Ava let out a long, long sigh.

27
All of the proposals Humphrey mentions are actual completed memorials and museums in downtown Washington, in-progress works, or proposals before the National Capital Planning Commission.

28
Edward Jay Epstein,
http://​www.​edward​jayepstein.​com/​nether_​fictoid11.​htm
. “But the hijackers had left Florida prior to that weekend and the FBI had charge-card receipts and car-rental records that put Atta in New York and Boston on the weekend of September 9-10th. If so, Atta could not have been part of the group of ‘Arab-looking’ men that visited the Belle Glade Airport that weekend.”

29
House Select Committee on Intelligence and Senate Select Committee on Intelligence.

10

MARCH 2003

U.S. National Debt: $6.4 trillion

Budget, USDA Agency of Invasive Species: $225.4 million

Congressman Vernon Hargis of West Virginia, seventy-four and now among the highest-ranking Democrats on the House Appropriations Committee, was one of the very few individuals in Washington that had Adam Humphrey’s direct line. The era of cellular phones greatly complicated Humphrey’s philosophy of strategic unavailability.

But Humphrey understood that he needed a smooth relationship with Vernon Hargis more intensely than he needed some of his internal organs, and so he always answered Hargis’s calls immediately, on any line. Year by year, the congressman’s demands grew more insistent, and the pleasantries dwindled.

And one morning, they stopped completely. Humphrey’s direct line rang as he reviewed the next fiscal year’s budget request for the Domer’s Gulch, Kentucky–based National Center for Crop Duster Security.

He answered his phone to hear, “You tell that son of a bitch Steiner that if he doesn’t find a nice, right cushy job for my boy
Austin, that I’ll squeeze his funding so hard that his ballies will pop like grapes!” the congressman barked.

Humphrey paused, contemplating his options. The congressman, increasingly erratic, was clearly enraged; “Steiner” undoubtedly referred to Conrad Steiner, the head of the most prominent pesticide producers association in the United States.
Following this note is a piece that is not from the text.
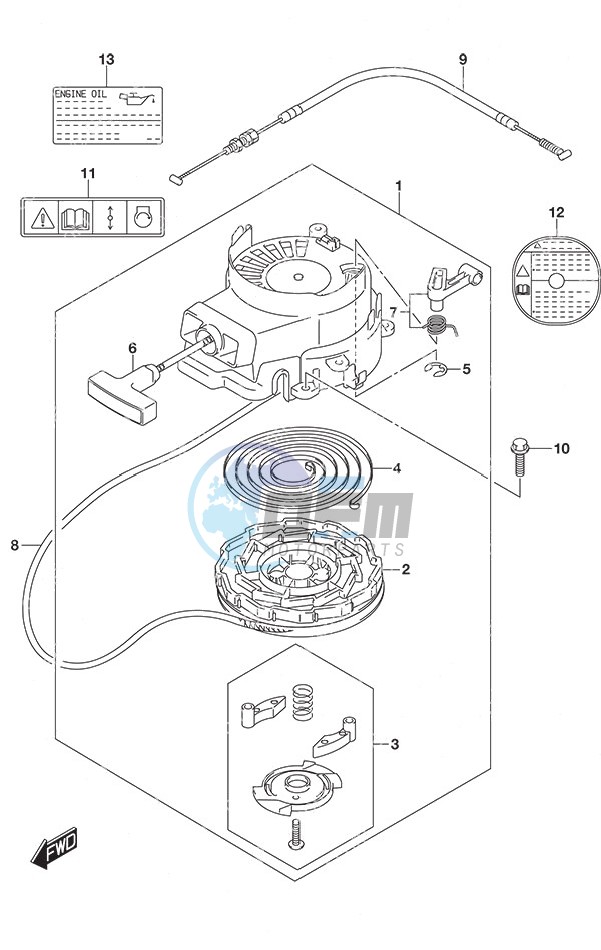 Recoil Starter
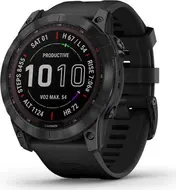 Garmin Fenix 7X Sapphire solar black dlc titanium/black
Humphrey had heard rumblings of some sort of discontent over at that organization in recent months, but nothing specific.

“Just a moment, Congressman, permit me to get a pen,” Humphrey said, ignoring Hargis’s comfort with using him as a messaging service. “The term
ballies
has two
l
s, correct?”

“I mean it, Humphrey, that little piss-ant just turned me down like I was a no-name freshman ranked last on the District subcommittee!” the congressman continued to fume. “Nobody talks to me like that! And after all these years, to just blow me off like I’m some nobody!”